Greg Reiva's picture
Greg Reiva
High School Science Teacher

For 20 years I have taught physical science and physics at Streamwood High School in Streamwood Illinois. I have always been a big advocate for educational initiatives that stress cooperative learning. Since the late 1990's there has been an emphasis in the science literature and research on inquiry-based science with teams of students learning cooperatively. Historically only 20 percent of the science teachers across America employ this model consistently and fewer than that do it well.
Education in the 21st century demands the development of personal attributes such as cooperation, openness to new ideas, commitment, critical thinking and creativity. Competition for grades, in the high school science classroom, works against the development of these needed attributes. A teacher's commitment to the Next Generation Science Standards requires creating new opportunities for students to work as teams and take on new challenges and solve problems. Competition for grades in the science classroom works against the development of a growth mind set within each student.
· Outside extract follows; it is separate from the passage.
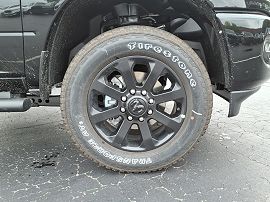 2027 Ram 2500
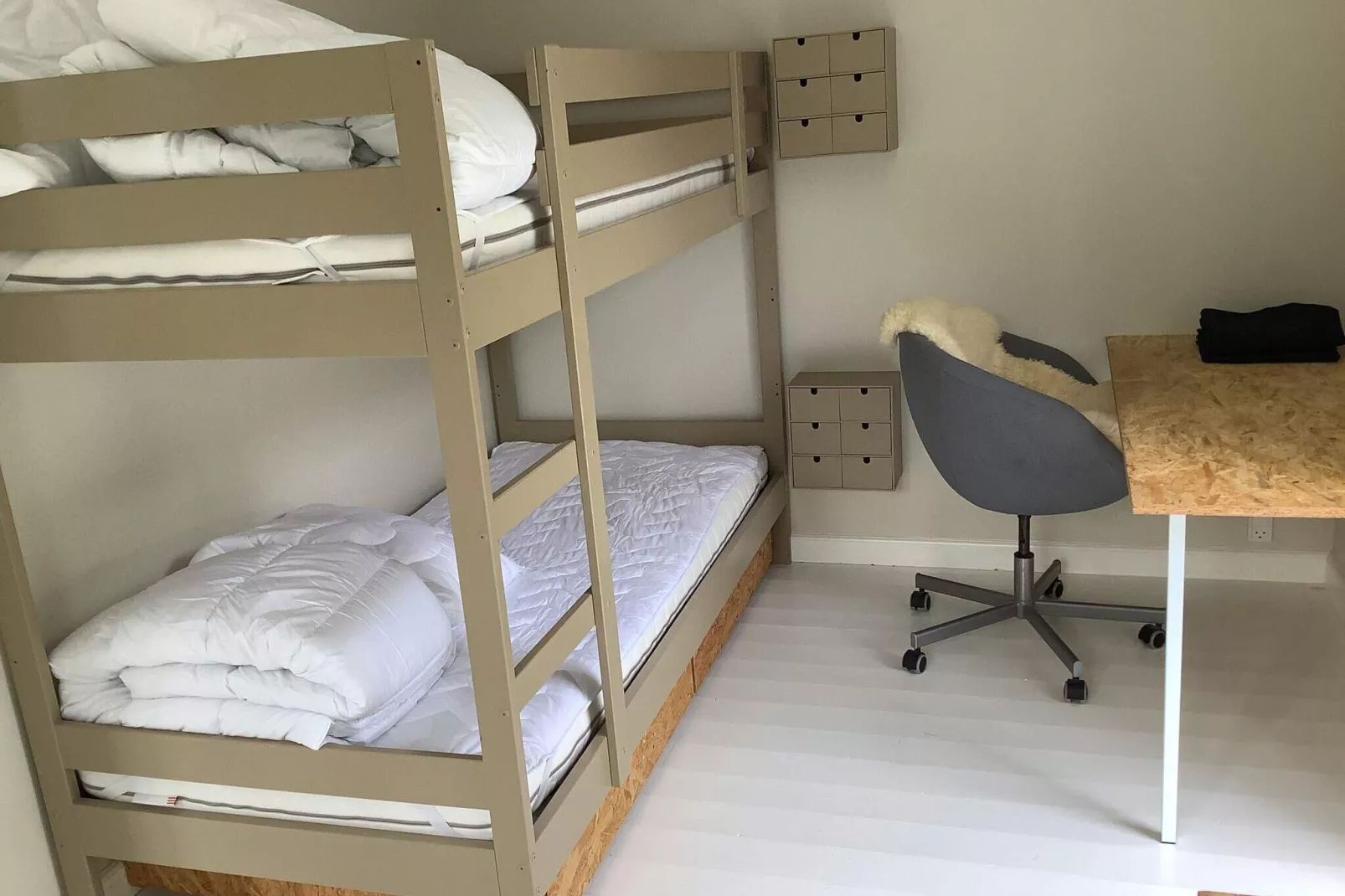6 persoons vakantie huis in Gilleleje-By Traum-Binnen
Students in the 21st century must have the self confidence to continually reach for success and opportunities even as they face failure and struggles. Our students will be competing in a global economy that is in constant evolution. Today it is crucial that students develop as life-long learners housing the intellectual curiosity to address and engage evolving new challenges that they will face as citizens in the 21st century economy.

Lee Johnson's picture

[quote]I think we lose the importance of this discussion by dissecting the weakness of any tool. Let's stay with: 1) we think the secondary curriculum of empathy is valid; 2) we build a classroom culture that provides opportunities to learn the secondary curriculum in multiple ways (that's why it's part of the culture and not just a single-day objective) ; 3) we choose strategies for our lesson plans based on the real students in front of us, who have varied abilities. So sometimes a cooperative group can best help me reach my many objectives--and empathy is always one of them.[/quote]

"I think we lose the importance of this discussion by dissecting the weakness of any tool. " I agree! I believe that when we work so hard at finding why something won't work, we lose valuable time using what does. I love your three points that follow the quote and agree with each.